New Year’s morning found Isaac inordinately crabby and complainy, even for him: I slept for hours as he warned of mounting hunger pangs, and when we finally made it out of our guesthouse I deemed Kashi, our favorite cafĂ© in Fort Cohin, too crowded with tourists for my taste, dragging him to a malarial “eco” garden restaurant where he waited yet another forty minutes for stale toast. A subsequent cold coffee at Kashi restored his spirits somewhat, but what really turned his frown upside down was seeing the flag drop for The Rickshaw Run, in which over sixty autorickshaw teams from countries with traffic laws attempt to race each other over the potholed, cow-infested streets between Fort Cochin and Katmandu, a distance of over 2,000 miles, in two weeks. He rhapsodized about the race all day, until our new expat friend Mathew, who keeps an autorickshaw handy for dissertation breaks during the monsoon season, offered to let him drive his.

Several days later Isaac and I met Mathew in front of the Santa Cruz Basilica and drove south to the Veli field, a dusty parade ground adjacent to the municipal crematorium and the Little Flower Church Cemetery.

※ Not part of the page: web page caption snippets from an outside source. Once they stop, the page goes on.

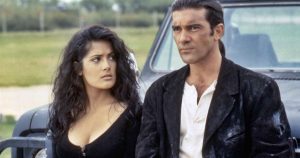 Salma Hayek kipakolt: kész trauma volt a szexjelenet Antonio Banderas-szal a közös filmjükben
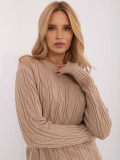 Bequemer Pullover in Camel-Farbe
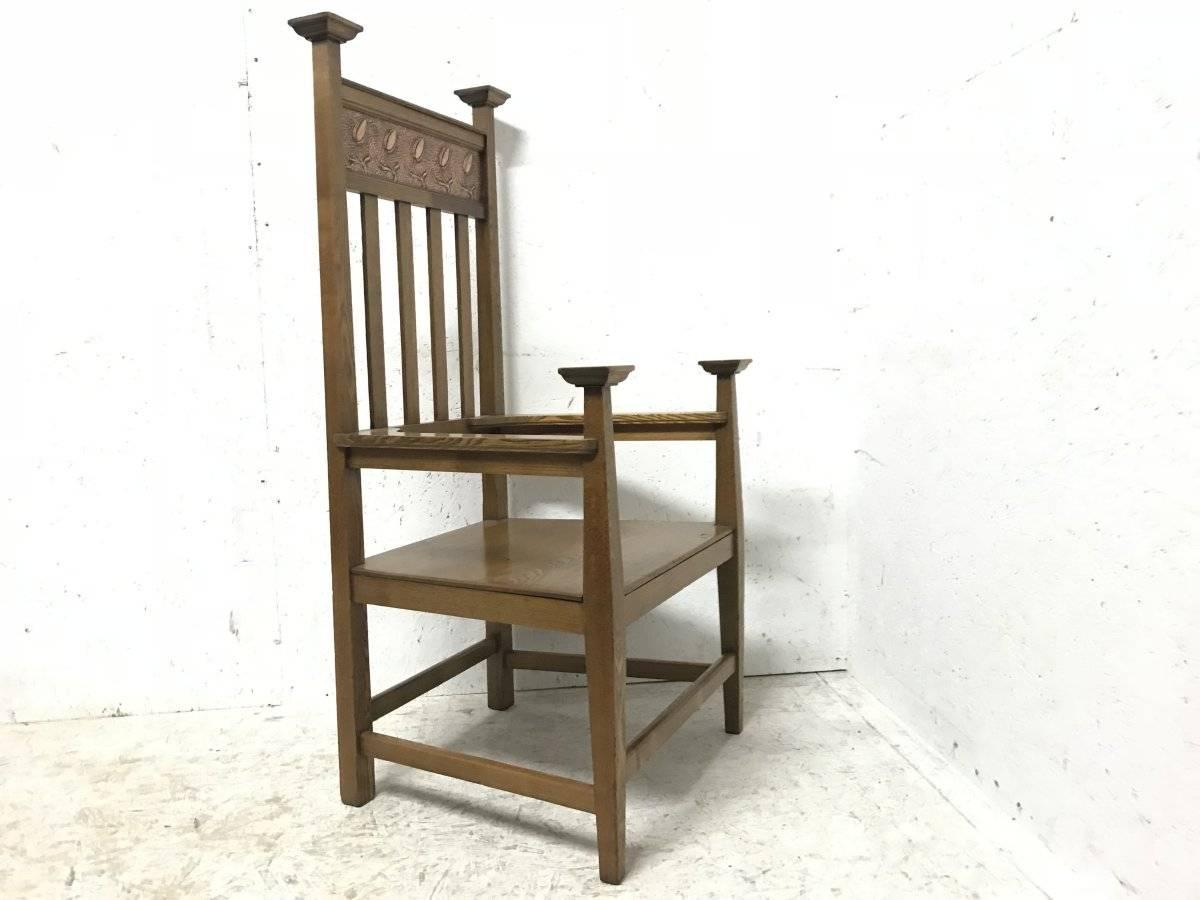 Ein Arts and Crafts-Sessel aus Esche mit Tulpenpaneel aus geprägtem Kupfer auf der Kopfstütze. (Englisch) im Angebot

Isaac wasn’t the only student that day: we saw ladies being tutored by the St. Jude’s School of Motor Driving and Mathew’s wife Susana, who never learned to ride a bike growing up in Cairo, was practicing independently on a rusty three speed without working brakes.

Isaac had some trouble starting the autorickshaw, but once Mathew got it going, he took right off. Of course, if you give a license-less man a taste of motorized power, he is loath to give it up, and Isaac made three or four long passes before he stopped to take us on as passengers. We bumped around the Veli field with Isaac changing gears, dodging novice scooter riders, honking the horn; Mathew proclaimed him a natural. But perhaps it’s for the best Mathew remembered he had laundry to drop off at the dhobi khana next door and interrupted our jaunt: Isaac, grown bold, was anxious to try some “maneuvers”—perhaps reversing at full-speed, as Mathew had rehearsed in his former capacity as an Iraq-bound Australian diplomat?

Alas, no stunts for Isaac. When Mathew tried to re-start his vehicle, it simply shuddered with the same painful metal-scraping-metal noise we had briefly heard and ignored earlier, on our ride to the field. This time, though, the noise persisted. The left axle turned out to be broken, and divine intervention must have kept it functioning long enough for the blind man to have his ride. Eight hundred rupees and one enterprising mechanic eventually fixed the problem, but that afternoon, Isaac’s driving lesson ended with the boys pushing the vehicle into the shade while we sat and waited for help. But I don't think this is the end of the story...

Mathew has plans to cover his autorickshaw with chrome paint (the black-and-yellow is reserved for taxis); unbeknownst to him, Isaac has plans to adds plans to add airplane wings and film a music video. And I have a sure-fire way to lure Isaac back to India.